**WORK INSTRUCTION**
Write out the lines below exactly, beginning at the one with "Stylish Crescent Park" and stopping after the one with "4006 Pavo Viejo, San Antonio, TX 78223"; the pictures are not copied.

EXTRACTED RECORDS Block Start

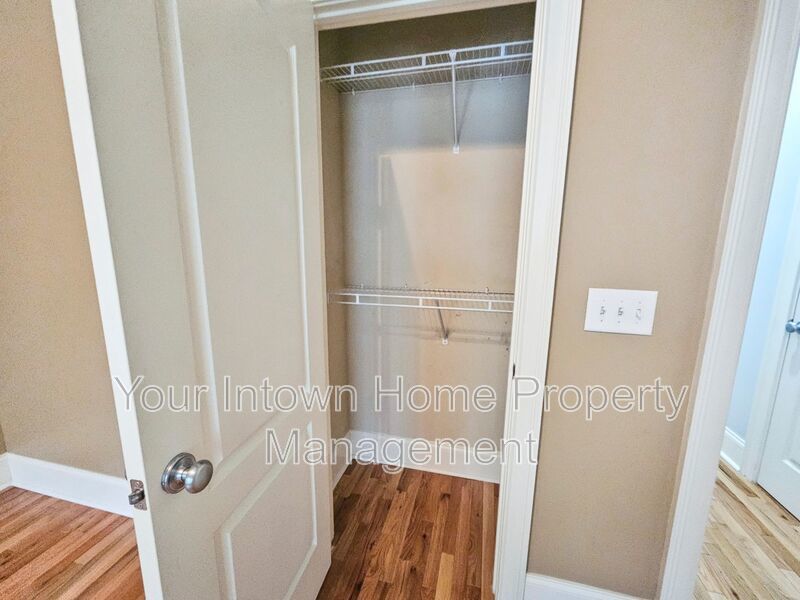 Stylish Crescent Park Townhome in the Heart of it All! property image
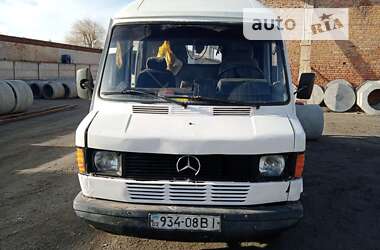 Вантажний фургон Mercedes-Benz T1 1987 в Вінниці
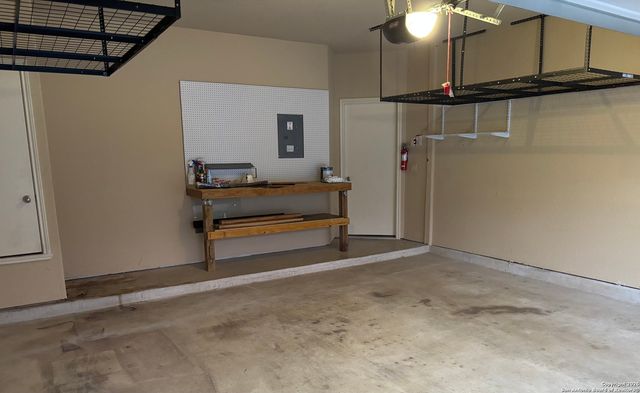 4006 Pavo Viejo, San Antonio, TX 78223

EXTRACTED RECORDS Block End
EXTRACTED RECORDS Block Start

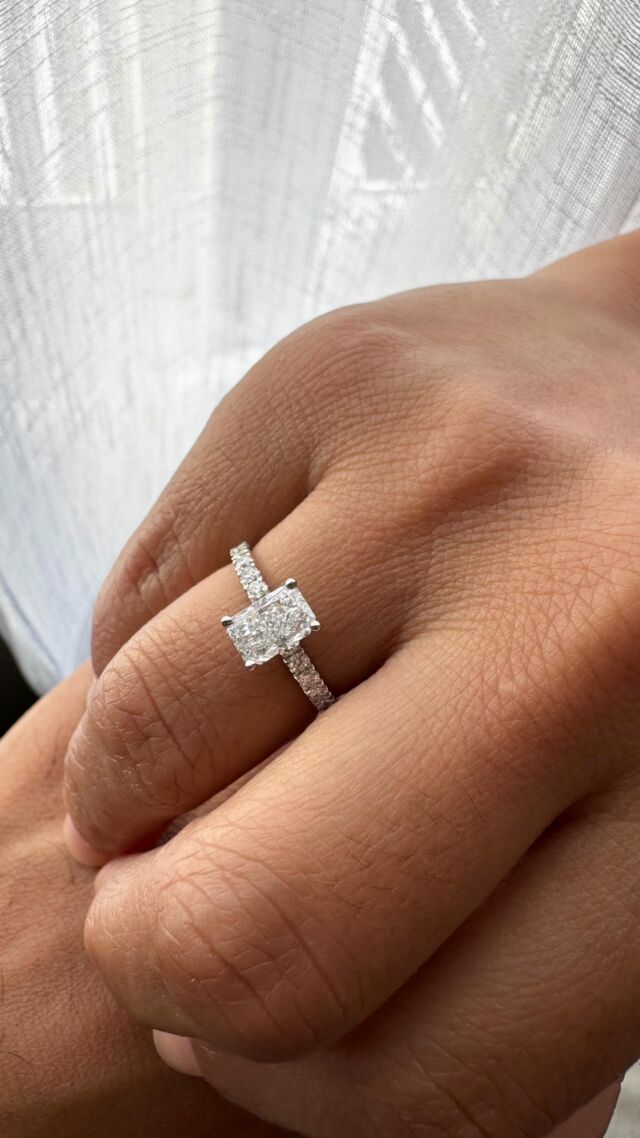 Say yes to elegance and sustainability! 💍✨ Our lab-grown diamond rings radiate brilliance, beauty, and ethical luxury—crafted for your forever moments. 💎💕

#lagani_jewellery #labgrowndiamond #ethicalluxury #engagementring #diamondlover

EXTRACTED RECORDS Block End

**ANSWER TO THIS TASK**
 Stylish Crescent Park Townhome in the Heart of it All! property image
 Вантажний фургон Mercedes-Benz T1 1987 в Вінниці
 4006 Pavo Viejo, San Antonio, TX 78223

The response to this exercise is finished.